Now running about half an hour behind, I gave in and made my way to the Maine Turnpike, called Brian, apologized for my bad planning, and took the highway the rest of the way to Portsmouth. I lucked out and got a parking space in the public lot I identified before our trip. Brian hadn’t been so lucky, but we met up at one of the shops in Portsmouth’s revitalized historic downtown. Wandering around Market Street, Pleasant Street, and Bow Street we found a sign for the Portsmouth Museum of Fine Arts. Never knew Portsmouth had a museum of fine arts, I said. Turns out, at least officially, they didn’t, not until Saturday.
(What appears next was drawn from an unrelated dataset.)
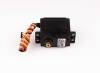 Robbe Modellsport FS 1109 HV MG Eco Digital Servo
Missed it by that much. To prove we had been there, Brian took photos of the sign announcing the grand opening on June 27, which made the woman working at the front desk nervous. No doubt the sight of a couple of mismatched middle-aged guys set off some kind of homeland security alarm (Brian can be very threatening in his straw fedora, after all).
Shortly after trying to visit the museum that wasn’t (yet), we figured it was time for lunch. There were several choices, of which I noticed the Portsmouth Brewing Company, Me & Ollie’s, and a couple of cafés before we came to Muddy River Smokehouse BBQ on Congress Street. Brian ordered an appetizer of fried pickles and I countered with fowl balls (read about them here). While I’m not what you would call a true BBQ cognoscenti I really enjoy slow-smoked brisket and BBQ sausages, so that’s what I went with (mini restaurant review follows) as a two-item platter. The brisket had good smokiness and was tender, though I might have liked to have the brisket plain and sauced it myself – that way I could assess the smoke and the sauce separately, but oh well. The sausages – I couldn’t be 100% sure whether they were two different kinds – were likewise well-smoked but not overdone. The accompaniments were typical – cole slaw with celery seed that tasted freshly made, baked beans (a little sweet for my taste), and moist (but not heavy) cornbread.
Duly fortified, Brian and I left the Muddy River Smokehouse and happened upon the John Paul Jones House. It looked promising, and was, though not for the reasons you might think. Jones only boarded at the house while waiting for the ships Ranger and America at the nearby Portsmouth Naval Shipyard. The house, preserved by the Portsmouth Historical Society and supposedly the only building associated with John Paul Jones still in existence, hosts exhibits of 18th- and 19th-century samplers and an extensive record of the negotiation of the Treaty of Portsmouth.
The treaty exhibit has timelines, documents, and artifacts, even a short silent newsreel, all relating to the meeting of Russian, Japanese, and American diplomats in Portsmouth in August 1905 to end the Russo-Japanese War. This is an event I knew little about, and had no idea such an exhibit would be tucked away in something called the “John Paul Jones House.” But so it was, and I learned a lot more than I ever thought there was to know about the Treaty of Portsmouth, the Russo-Japanese War, and the extensively documented diplomatic efforts. Actually, the exhibit is even more about the details of the negotiations than the resulting treaty. I just wish I had taken a picture of, or taken more information about a graphic that showed the different tracks and movements of the negotiations.
After wandering around a little more we decided we had probed the extent, though not all, of the shops and restaurants in the center of Portsmouth’s historic downtown, we found a little refreshment at The Works. Each having other places we needed to be I took the Route 1 Memorial Bridge back across the Piscataqua River to Kittery and the way home.